T comme Téraoctet , qui est en passe de détrôner son petit frère Giga en tant que mesure de référence pour le stockage de données. Un téraoctet correspond à peu près à 700000 disquettes. Si on part d'une épaisseur de 3 mm, ça donne une pile de 2100 mètres de hauteur, soit six fois et demie la tour Eiffel.

T comme Trip , en s'inspirant de la recette inventée par le site iocose pour recycler ses vieilles disquettes. «Plongez le disque dans l'eau et faites bouillir quelques minutes, jusqu'à ce que l'eau soit complètement noire. Eteignez le feu et retirez le disque, ajoutez deux cuillères de sucre de canne et versez une petite rasade de gin. Remuez et servez chaud.» Délicieusement toxique.

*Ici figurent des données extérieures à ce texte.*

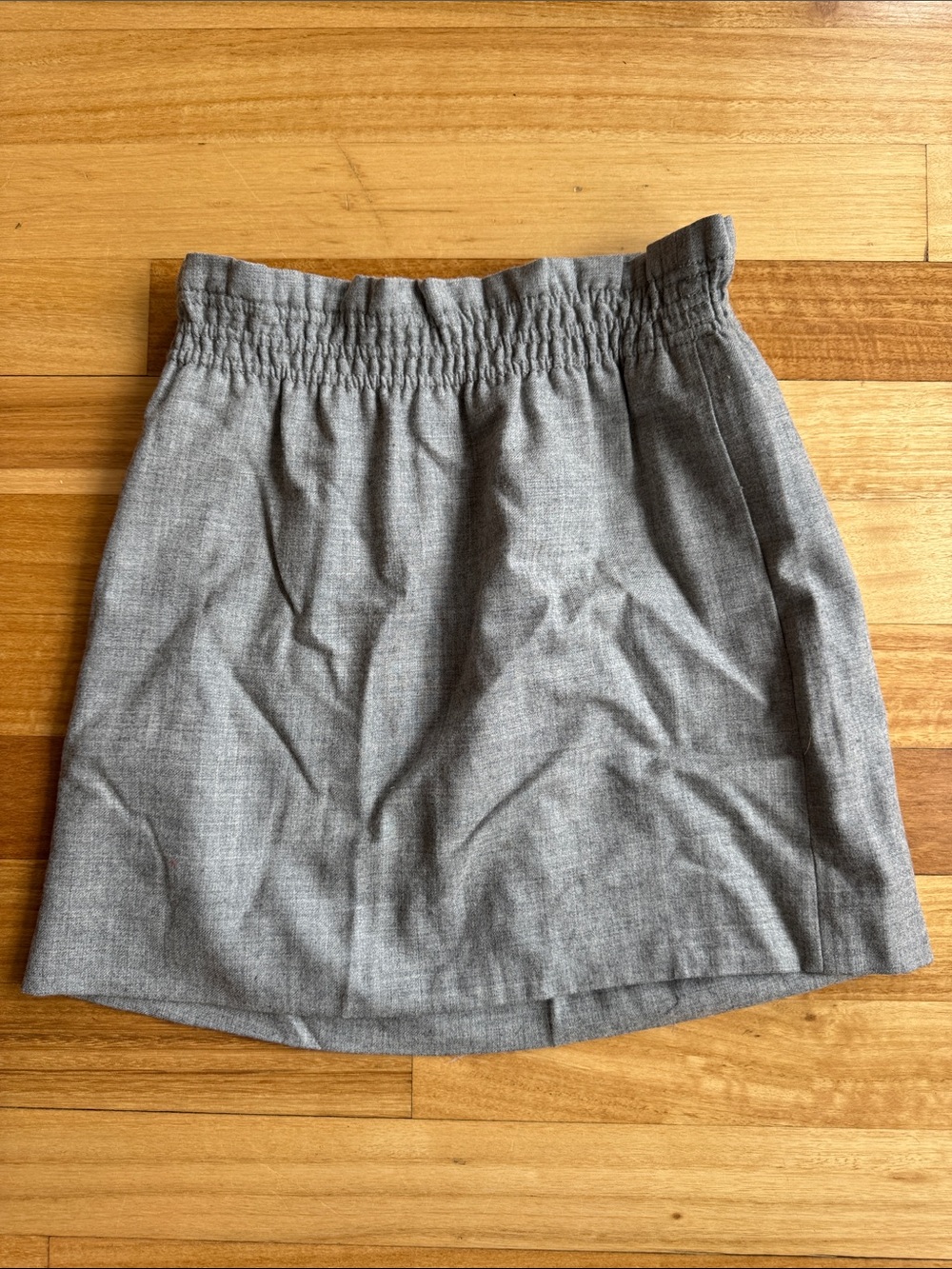 J. Crew Gray Elastic-Waist Mini Skirt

E comme Et souvenez-vous : «Aucun disque n'est une île, un tout, complet en soi ; toute technologie est un fragment du continent, une partie de l'ensemble ; si le progrès emporte une pièce de plastique, l'informatique en est amoindrie.» Pardon à John Donne, et paix à tes clusters , chère disquette.

(1) 512 x 18 (secteurs) x 80 (pistes) x 2 (faces) = 1474560 octets. Soit 1440 Ko car il y a 1024 octets dans un 1 ko... On retombe sur nos pattes.